Stored items from a collection
* * *
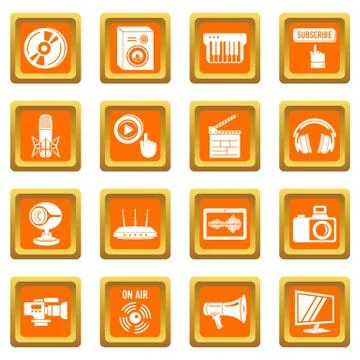 Multimedia internet icons set orange square Stock Illustration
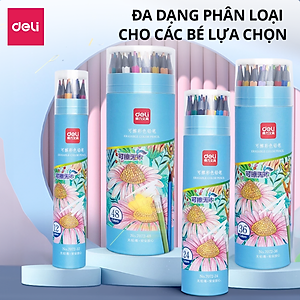Bút Chì Màu Xóa Được Deli - Bút Chì Màu Học Sinh Chì Đen Cao Cấp Lõi Chì Dày Hơn - 12/24/36/48 Màu Sắc Tươi Sáng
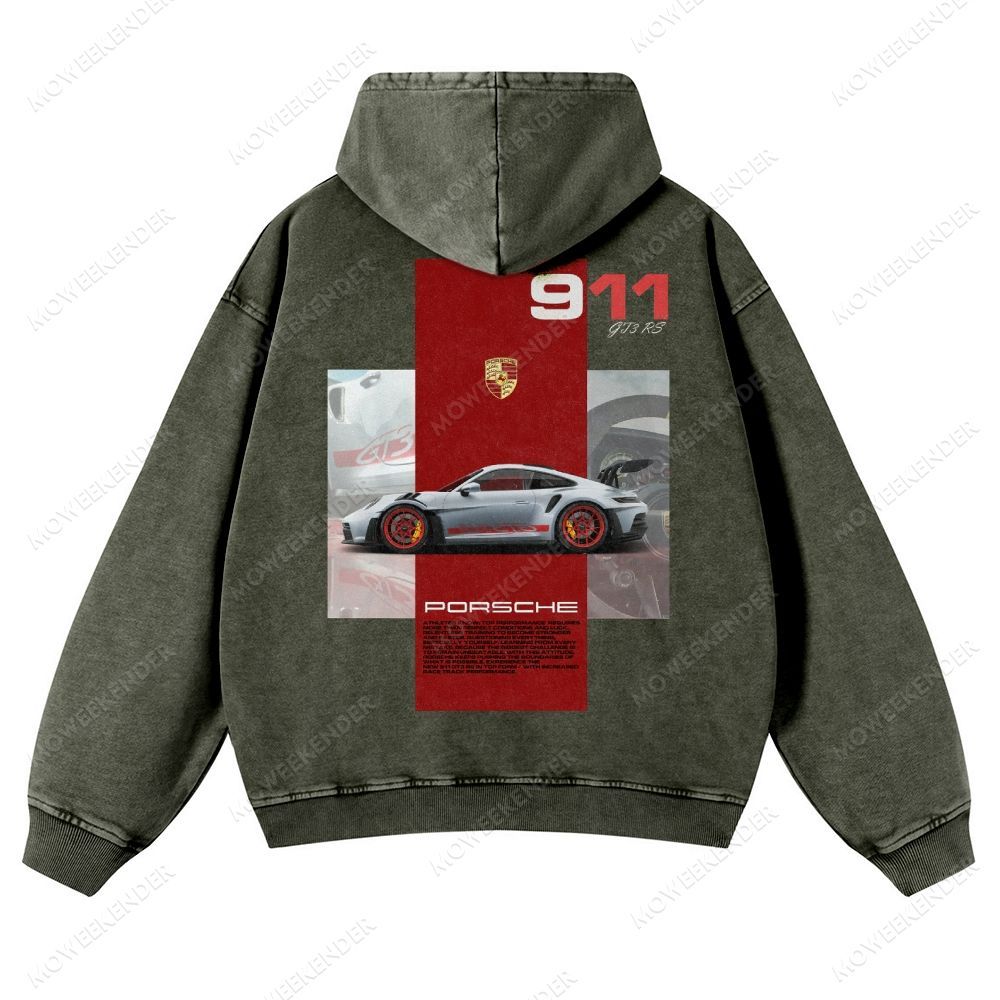 911 GT3 RS Racing Cars Unisex Fit Vintage Washed Hoodie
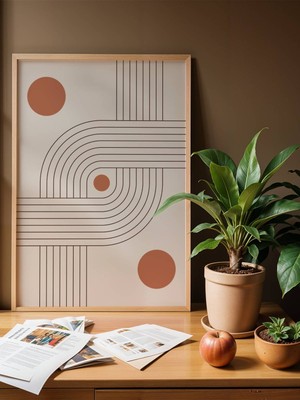 Fuart.Co Boho Kiremit Noktalar Bohem Serisi Duvar Posteri Dijital Baskı (Çerçevesiz) Hbfu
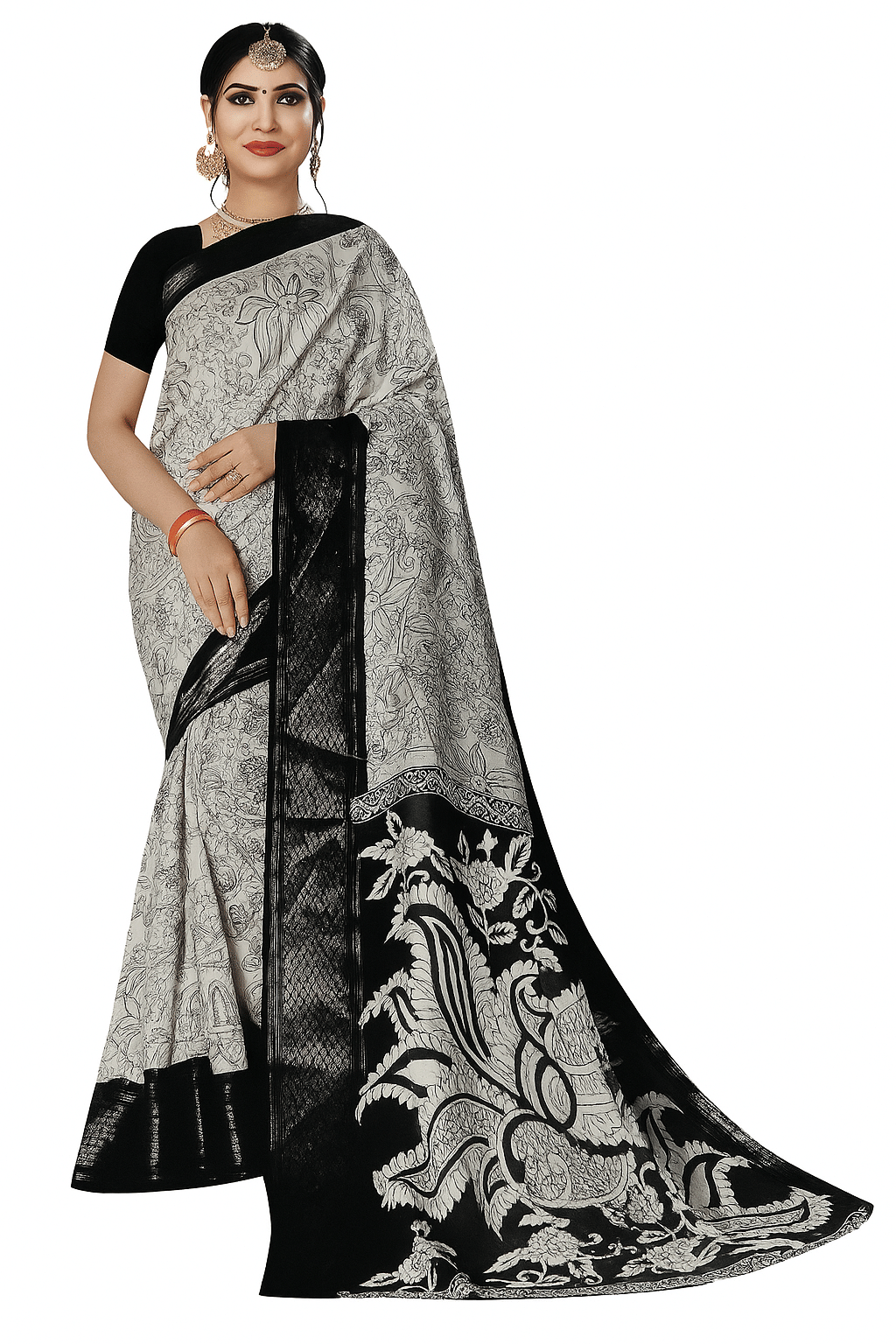     			Skandas Trendz Silk Blend Printed Saree With Unstitched Blouse Piece ( Black,Cream )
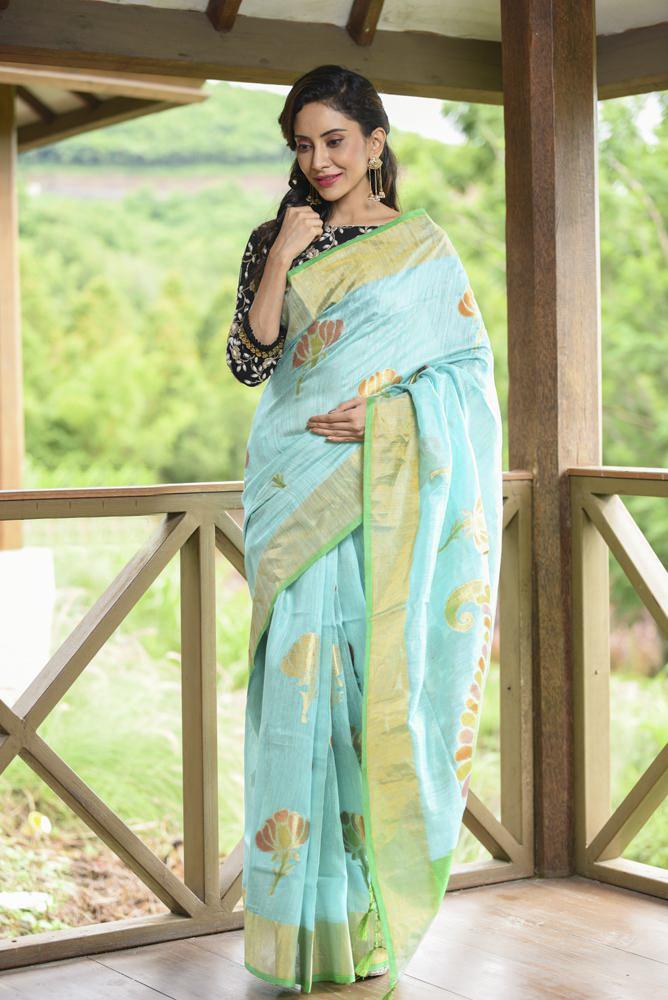 Blue Shade Banarasi Matka Silk Handwoven Saree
* * *
TASK DIRECTIONS: Skip the pictures, then retype every line above exactly.

OUTPUT FOR THIS TASK:
 Multimedia internet icons set orange square Stock Illustration
Bút Chì Màu Xóa Được Deli - Bút Chì Màu Học Sinh Chì Đen Cao Cấp Lõi Chì Dày Hơn - 12/24/36/48 Màu Sắc Tươi Sáng
 911 GT3 RS Racing Cars Unisex Fit Vintage Washed Hoodie
 Fuart.Co Boho Kiremit Noktalar Bohem Serisi Duvar Posteri Dijital Baskı (Çerçevesiz) Hbfu
     			Skandas Trendz Silk Blend Printed Saree With Unstitched Blouse Piece ( Black,Cream )
 Blue Shade Banarasi Matka Silk Handwoven Saree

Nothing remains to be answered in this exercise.